Non-human identities aren’t passive anymore. They run jobs, deploy code, handle secrets, move data across clouds, and hold the keys to your most sensitive infrastructure. Every API token, client ID, and machine credential is a door. Too many doors stay wide open, invisible, and unmanaged.
The rise of distributed systems has multiplied these identities faster than teams can track them. Each microservice, automation script, and CI/CD pipeline generates more machine credentials. They authenticate without human oversight. They persist for years. They get copied across environments. They rarely expire until something breaks. This is the hidden surface area most attackers look for.
The old manual methods—spreadsheets, ad-hoc vault entries, periodic cleanups—do not scale. Non-human identity lifecycle management requires automated detection, ephemeral credentialing, and clear policy enforcement. Granular audit logs that tell you exactly when and where a machine identity acted are no longer nice-to-have.
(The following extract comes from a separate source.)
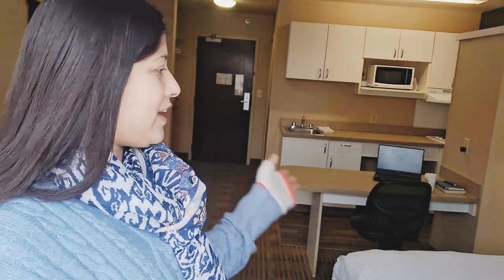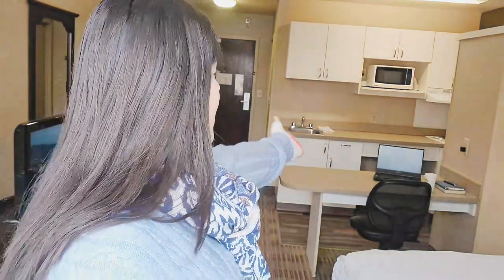My dear friends, today I am going to do a room tour in the standard stage. We have a studio room. I got a queen bed. It's a workstation. We have a little kitchenette.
They are table stakes.
The best systems now treat non-human identities as first-class citizens of security architecture. They use dynamic secrets to limit credential lifetime, require just-in-time access, and tie every action to a traceable identity. Rotate, revoke, and recreate are automated verbs in these pipelines. This eliminates static keys, reduces blast radius, and enforces least privilege without slowing down delivery.